WHAT YOU NEED TO DO:
Within the entries below, please retype exactly the lines starting with the line that has "Apartament 2 camere" and going on through the line that has "Concurso en la", but not the pictures.

MATERIAL PROVIDED:

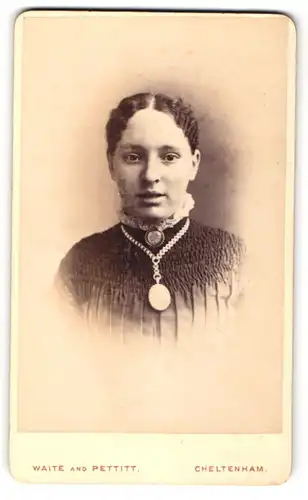 Fotografie Waite & Pettitt, Cheltenham, Portrait junge Dame mit Amulett und Kragenbrosche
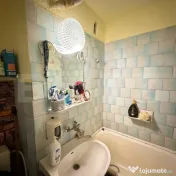 Apartament 2 camere semidecomandat zona Valea Roșie 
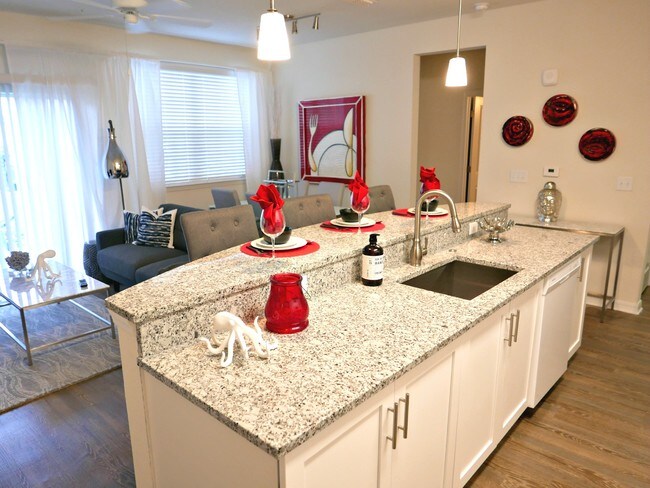 Century Avenues Apartments Lakeland Fl Apartments Com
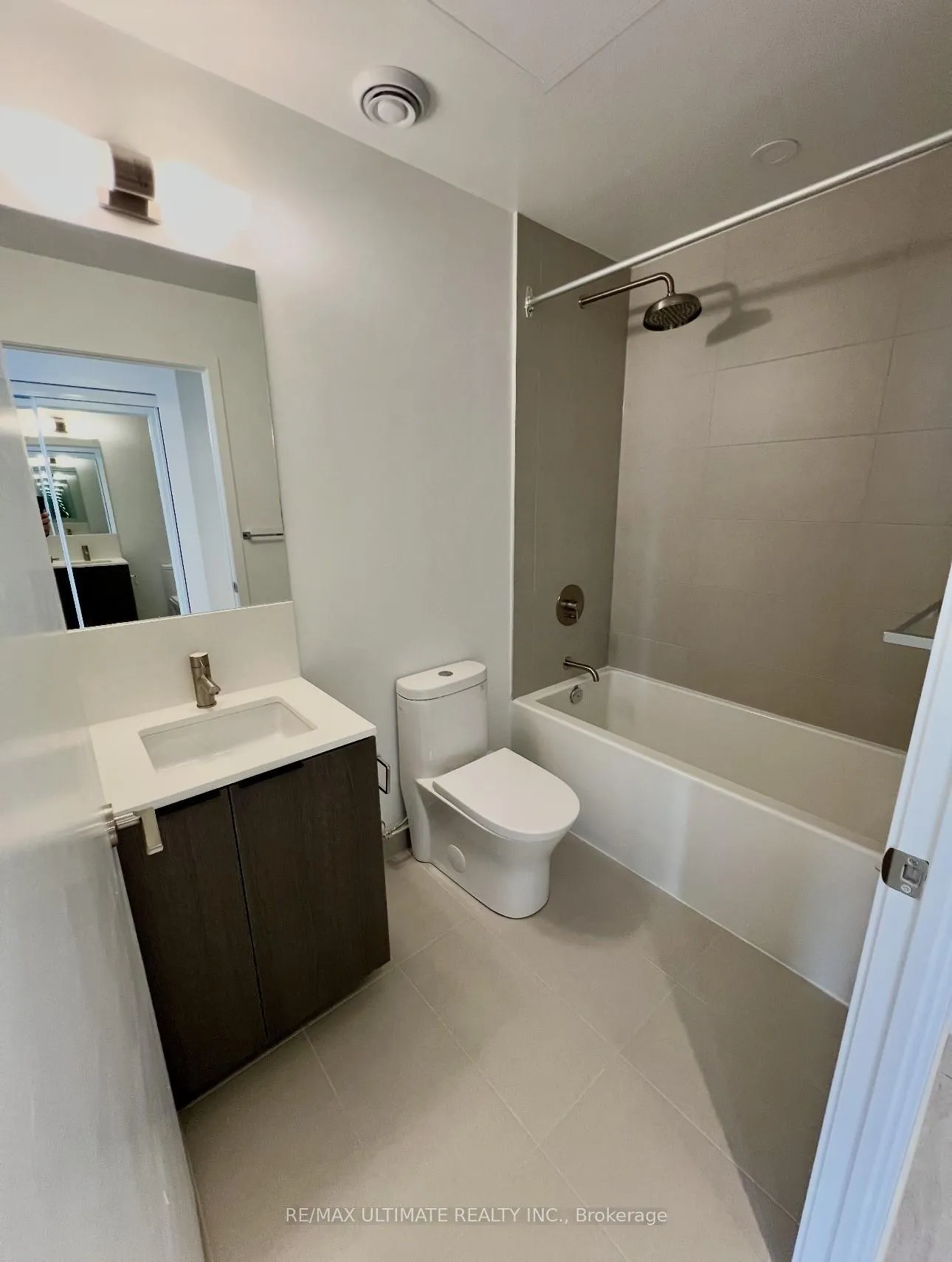 Photo 12 of Unit 4105, 55 Mercer Street, Toronto, Waterfront Communities — HOMEH
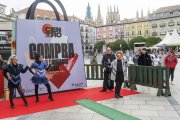 Concurso en la plaza Mayor en la Noche Abierta.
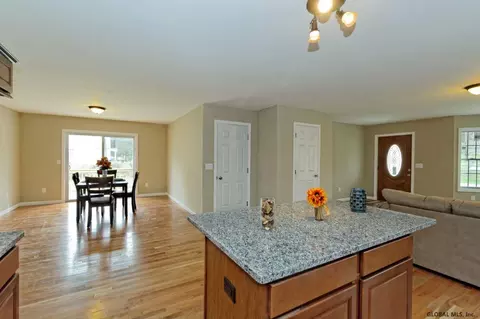 58 Elsmere Ave, Delmar, NY 12054 photo 11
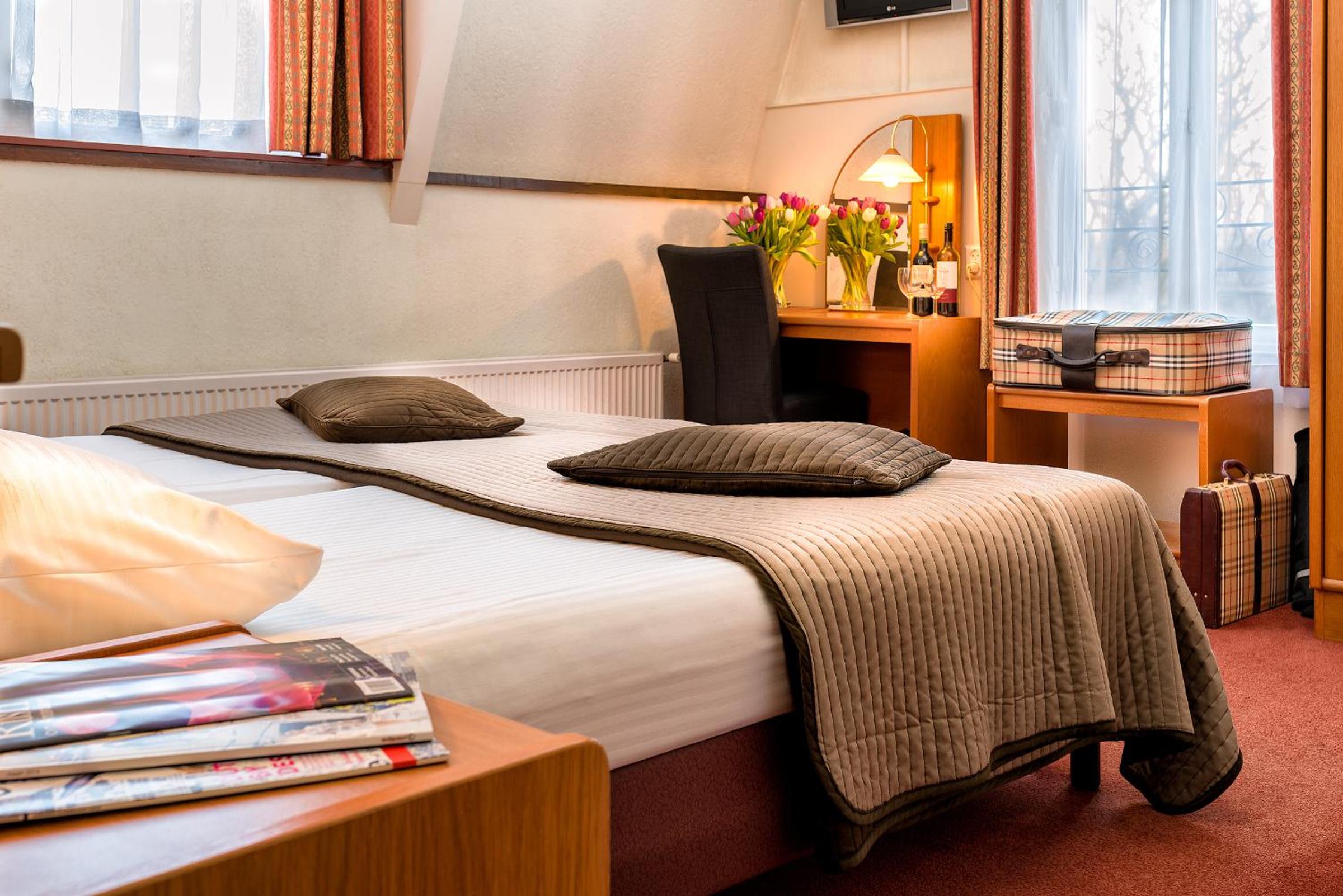Double or Twin Room photo 1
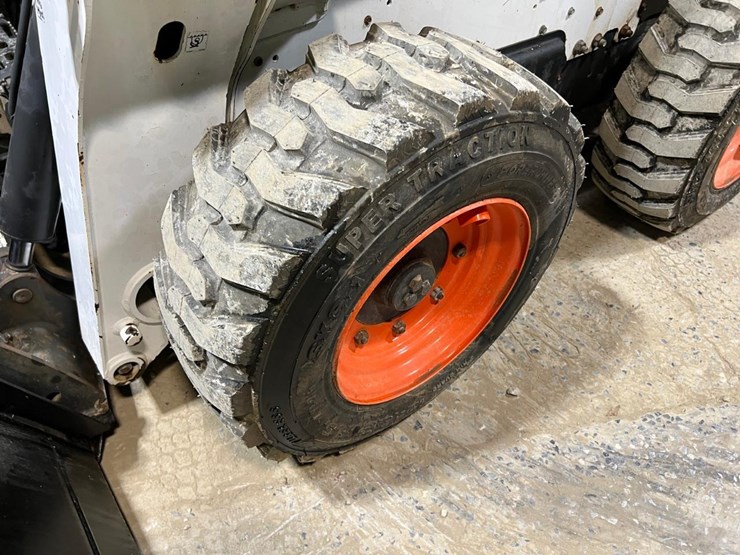 2017-bobcat-s770-image-12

YOUR SOLUTION:
 Apartament 2 camere semidecomandat zona Valea Roșie 
 Century Avenues Apartments Lakeland Fl Apartments Com
 Photo 12 of Unit 4105, 55 Mercer Street, Toronto, Waterfront Communities — HOMEH
 Concurso en la plaza Mayor en la Noche Abierta.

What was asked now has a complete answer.